In January 1980 Hughes was sentenced to life plus twenty years for murder and was committed to the Maze prison. His fellow hunger-strikers in the Maze might have expected release by 1987; Hughes would not have expected to be released until the turn of the century. When seven prisoners in the Maze undertook a hunger strike that was later aborted, Hughes joined them briefly in December 1980. He resumed his hunger strike on 15 March 1981 and died on 12 May after fifty-nine days, refusing requests from the IRA leadership outside the prison to end the strike after the death of Bobby Sands (qv). The journey of his body from the Maze to the well-attended funeral near Bellaghy was marked by rioting as the hearse passed through loyalist areas. The poet Seamus Heaney, a relative, has written of his ambivalent feelings about participating in an ‘establishment’ literary event on the day of Hughes's funeral. The ninth hunger-striker to die, Thomas McElwee (1957–81), was Hughes's first cousin.
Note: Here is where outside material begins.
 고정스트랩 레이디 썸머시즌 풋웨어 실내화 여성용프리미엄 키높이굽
Hughes was the only well-known hunger-striker apart from those involved in the H-block protest; he was also (at his own insistence) an exception to the rule that prisoners who could be presented as particularly murderous were excluded from the strike. No other hunger-striker's memory was challenged by so many identifiable victims and victims’ relatives. Early republican commemorations celebrated his exploits as righteous war against the forces responsible for the events of Bloody Sunday in 1972 and other acts of oppression. The political developments of the 1990s led republicans to present the hunger-strikers as founders of the peace process, and Hughes's military activities were played down accordingly. When a New York muralist portrayed the ten hunger-strikers alongside Gandhi and Martin Luther King as peacemakers, the father of one of Hughes's victims called it ‘a sick joke . . . it shows how ignorant Irish-Americans are’ (Observer, 20 May 2001). A man seriously injured at the age of eight when a bomb planted by Hughes killed his father and ten-year-old sister described Hughes as ‘a cold-blooded killer . . . I have the scars still to prove it’ (ibid.).
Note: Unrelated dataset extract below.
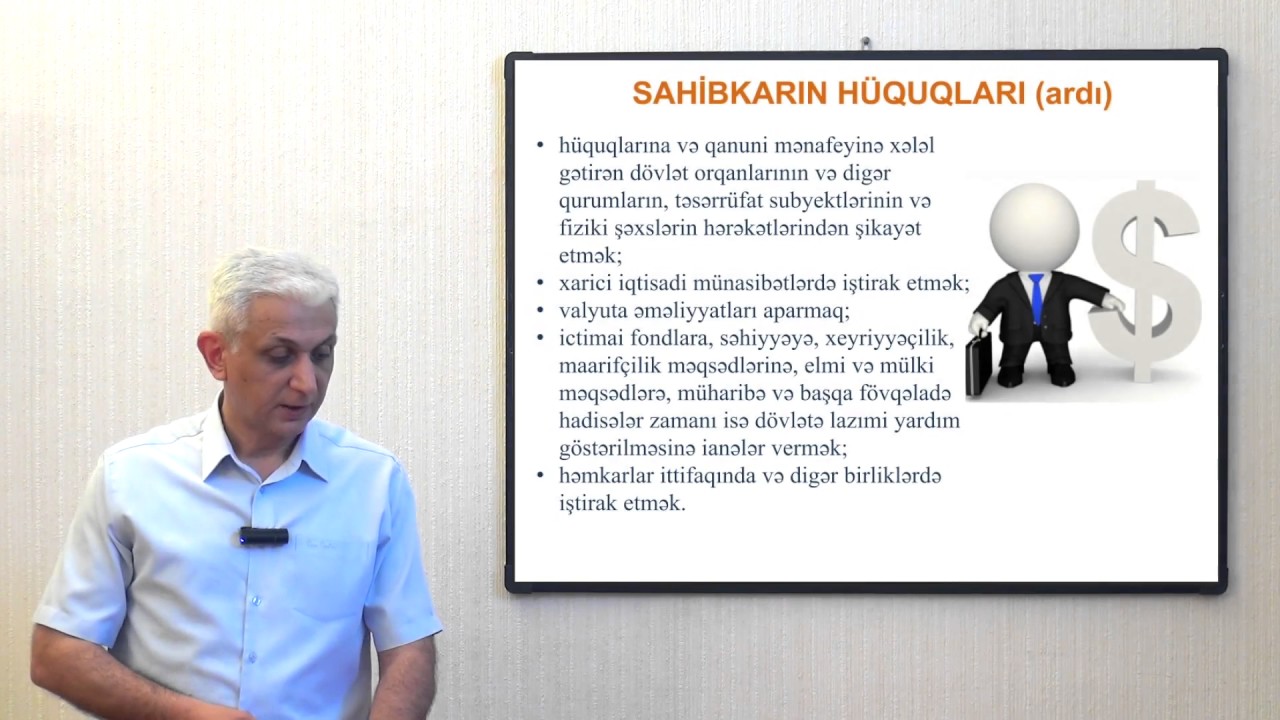 Sahibkarlıq nə deməkdir?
Hughes's military reputation and early death ensured his prominence (until world attention waned) in the memory of the hunger strike. Christy Moore composed a ballad, ‘The boy from Tamlaghtduff’, in his honour; a republican folk group, the Irish Brigade, recorded another, ‘Hughes lives on forever’. Frank Higgins, played by David O'Hara in the film Some mother's son (directed by Terry George, 1996) is loosely based on Hughes; in H3 (directed by Les Blair, 2001) Hughes was played by Feargal McElharron.